■ Your instructions: Where the line containing "Tumaro'S, Tumaro'S 8-inch" appears, start repeating, and continue exactly through the last line below, adding nothing. Include no pictures.

■ Dataset content:
+---+

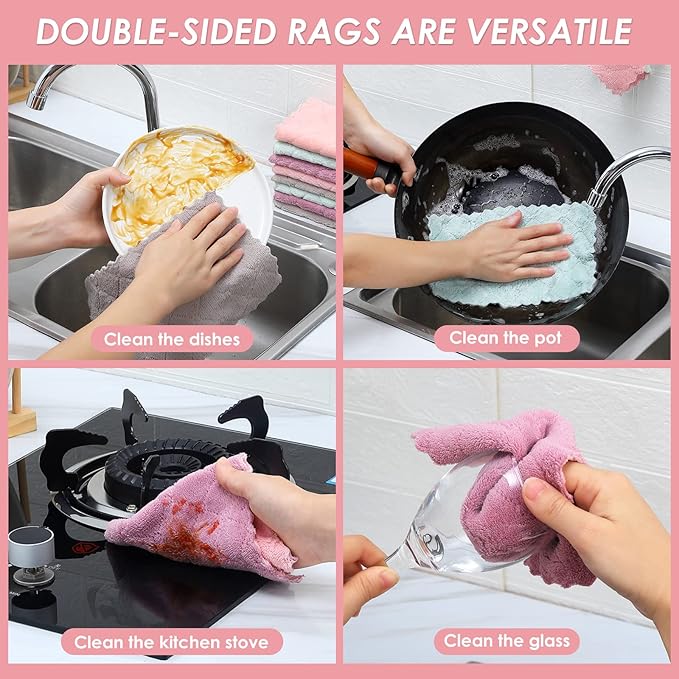 Rachan 11Pack Kitchen Dish Cloths, Reusable Dish Towels, Nonstick Oil Washable Fast Drying, Super Absorbent Coral Velvet Cleaning Cloths for Cleaning Tableware, Kitchen, Bathroom (Pink-purple10 x 6")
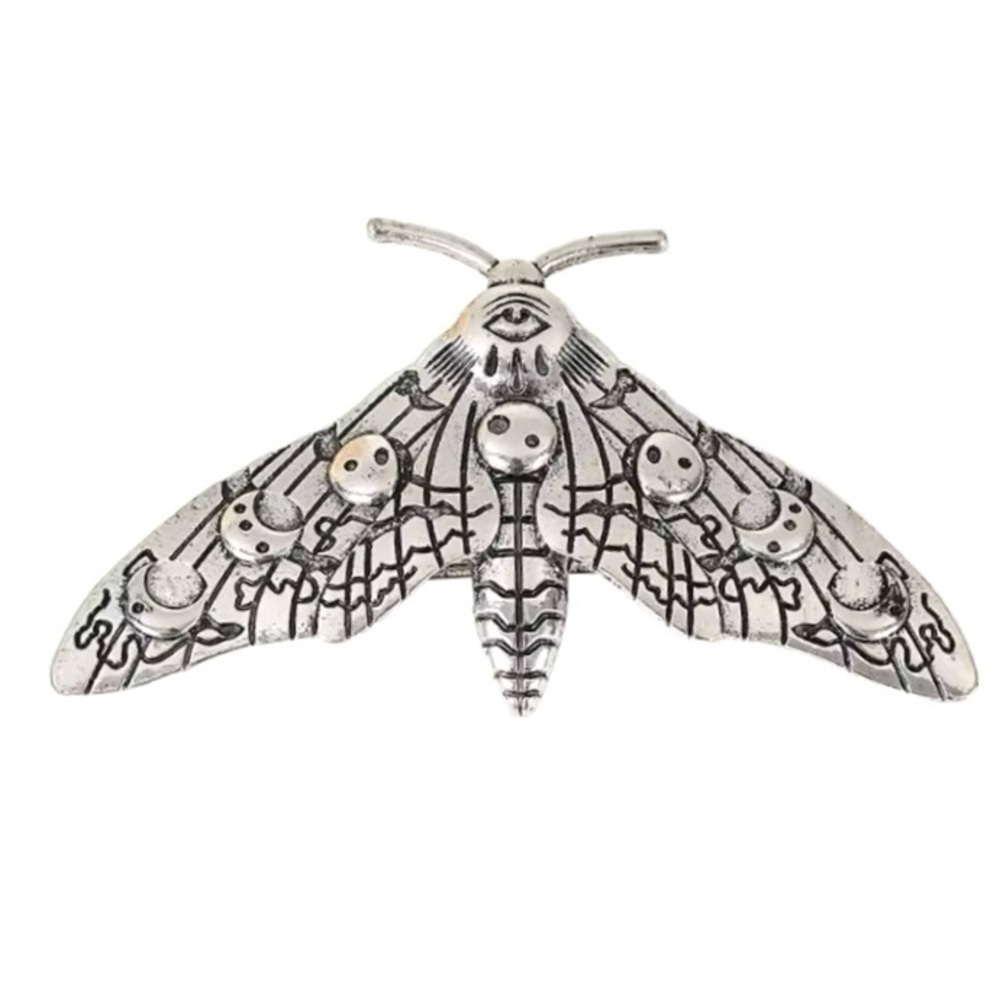 ✨Free People Lunar Phase Silver Moth Hair Clip - Picture 4 of 8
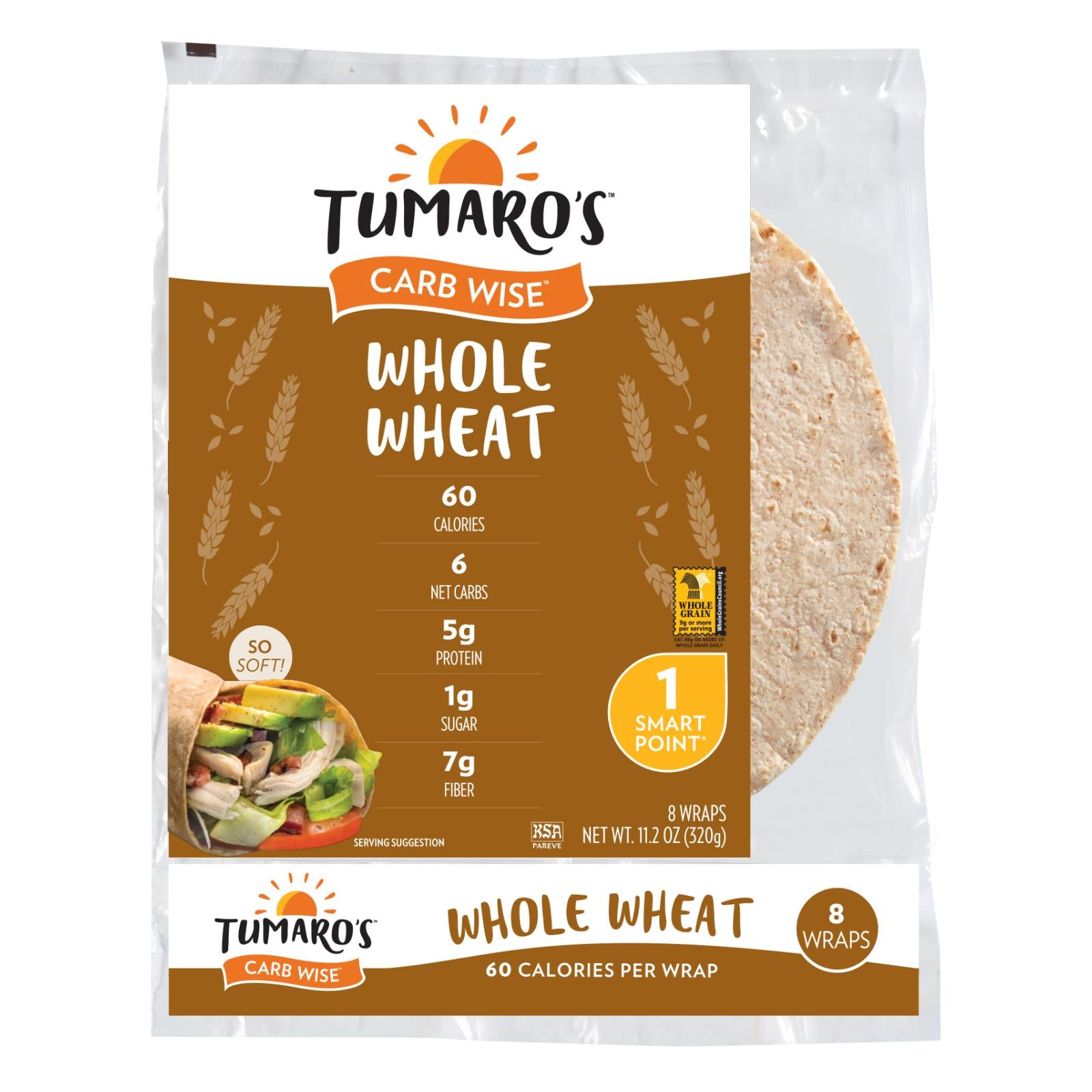 Tumaro'S, Tumaro'S 8-inch Whole Wheat Carb Wise Wraps - Case of 6 - 8 CT (Pack of 6)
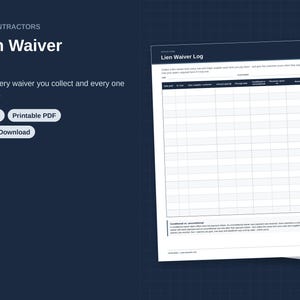 Lien Waiver Log for Contractors, Printable Lien Waiver Tracking Form (PDF)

+---+

■ Response box:
 Tumaro'S, Tumaro'S 8-inch Whole Wheat Carb Wise Wraps - Case of 6 - 8 CT (Pack of 6)
 Lien Waiver Log for Contractors, Printable Lien Waiver Tracking Form (PDF)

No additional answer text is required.